In 2014, around 3 percent of the Alabama population were foreign-born immigrants like Rendon, according to the Migration Policy Institute. Around 1.5 of every two of those immigrants were noncitizens as well.

“I was crying, honestly. It’s just something that’s so emotional because I didn’t think I would have that chance to make my voice heard. I feel like now I can.”

After years of waiting and many legal processes, junior Dalia Rendon became a U.S. citizen and gained the one thing some take for granted: the right to vote.

It took until age 15 for Rendon to become a U.S. resident. She waited an additional five years to become a citizen, Rendon said.

After gaining citizenship, Rendon’s next goal was registering to vote, which she did at a Student Government Association booth last year.

“I feel like it’s really important to make your voice heard and to educate yourself about the candidates and what they stand for to make an educated vote,” she said. “But, I feel like some people don’t see the privilege that they have because others have to work harder, like me. They need to appreciate it and take advantage of it.”

Rendon said she plans to vote in campus, local and national elections when opportunities arise, and she hopes other students do the same.

Registering Rendon was exciting and memorable, said junior Sarah Green, the legislative affairs chair for the Senate branch of SGA.

“I think often times we take the right to vote for granted and forget how big of a deal it is,” Green said. “But that day, I was reminded of the importance, and it is definitely an experience I will never forget.”
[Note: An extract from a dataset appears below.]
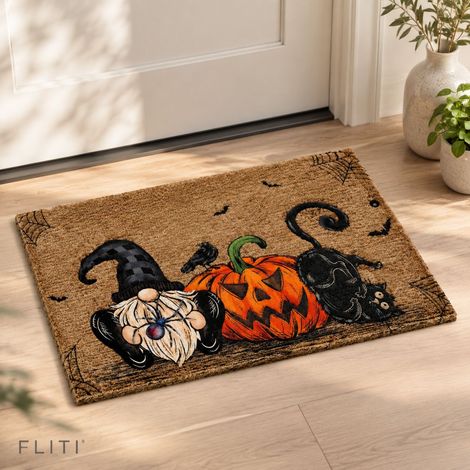 FLITI Halloween Witch Rug, Non-Slip, Wear-Resistant, Entrance, 40x60cm, Thick Velvet, Welcome Out, Festive Decoration (1/5)
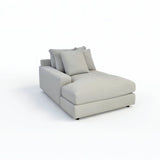 Sidney LHS Chaise - Cuddle Grey Gum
Rendon said she was 3 years old when her family moved to the U.S. from Mexico, she said.

“When I started school, I didn’t know any English, so I learned it all in kindergarten and first grade,” she said.

The road to citizenship takes 15 years to travel.

The resident process requires 10 years of living in the country first. Rendon became a resident in the ninth grade, and most of her family became residents at the same time.

“After that, I could go to college because I was here legally,” she said.

In 2014, around 3 percent of the Alabama population were foreign-born immigrants like Rendon, according to the Migration Policy Institute. Around 1.5 of every two of those immigrants were noncitizens as well.

In the same group, more than one in five immigrants had a high school diploma or GED and more than one in three had some college experience or held an associate or bachelor’s degree.

After five years of being a resident, Rendon was able to apply for citizenship in March 2015, her sophomore year at UNA.

Much like when becoming a resident, the citizenship process included background checks and health screenings. In addition, Rendon took a test with English sections for reading and writing and a U.S. history section.

“Usually, you either pass or fail, and if you pass, they make you go home,” she said. “You come back another day, and your ceremony goes on, and you get a certificate. But for us, they gave us our certificate the same day.

“We took the oath that we’re leaving all other alliances to all countries behind and we’re going to just be American. “

To take the citizenship test, Rendon had to miss classes at UNA. However, missing school for this reason was easy to excuse, said English Instructor Pamela Kingsbury, who was one of her instructors at the time.

Although she said all students deal with stress, Kingsbury said going through the citizenship process while in college is unique and admirable.

“It was definitely a pleasure to welcome her into being an American citizen,” she said. “I was happy to do it. I’m delighted that she’s an American citizen now.”